Policemen were constantly coming and going with prisoners. Sometimes, above the noise of their heavy boots, tramping along the flagstones, could be heard a woman’s stifled sobs, and looking around you would see some poor mother or wife with her face buried in her handkerchief, weeping bitterly.
At short intervals a door would open and shut, and a bailiff call out a name or number.

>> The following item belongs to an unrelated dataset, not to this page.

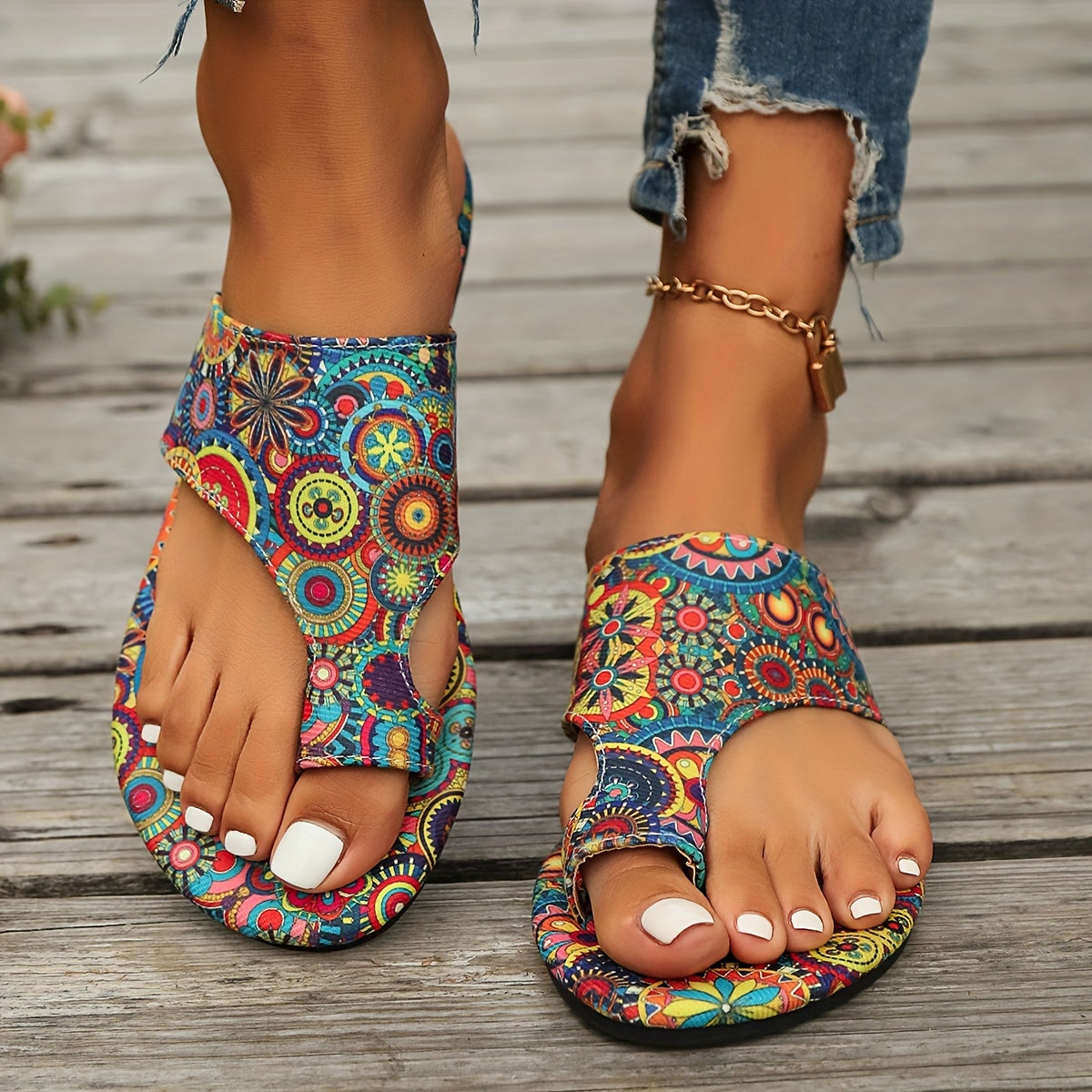 Lily colorful patterned open toe flat Sandals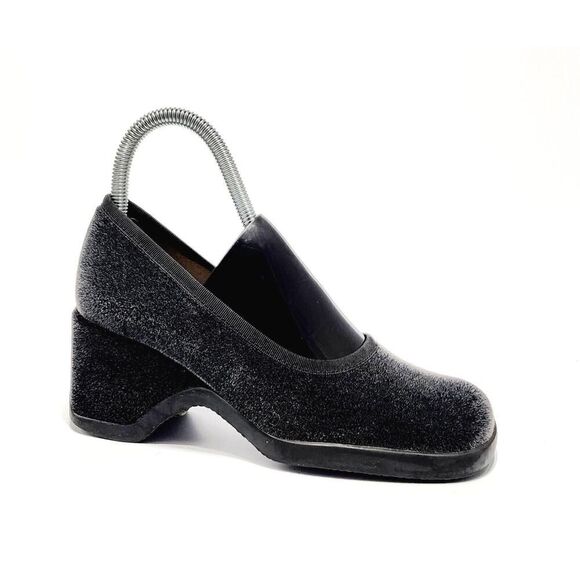 MNG by Mango Women’s Block Heel Velvet Chunky Heel Size 36/5.5 Square Toe Shoes - Picture 1 of 9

This stifling atmosphere, and the sight of so much misery, made the cashier ill and faint; he was feeling as if another five minutes’ stay among these wretched creatures would make him deathly sick, when a little old man dressed in black, wearing the insignia of his office, a steel chain, cried out:
“Prosper Bertomy!”
The unhappy man arose, and, without knowing how, found himself in the office of the judge of instruction.
For a moment he was blinded. He had come out of a dark room; and the one in which he now found himself had a window directly opposite the door, so that a flood of light fell suddenly upon him.
This office, like all those on the gallery, was of a very ordinary appearance, small and dingy.
The wall was covered with cheap dark green paper, and on the floor was a hideous brown carpet, very much worn.
Opposite the door was a large desk, filled with bundles of law-papers, behind which was seated the judge, facing those who entered, so that his face remained in the shade, while that of the prisoner or witness whom he questioned was in a glare of light.
At the right, before a little table, sat a clerk writing, the indispensable auxiliary of the judge.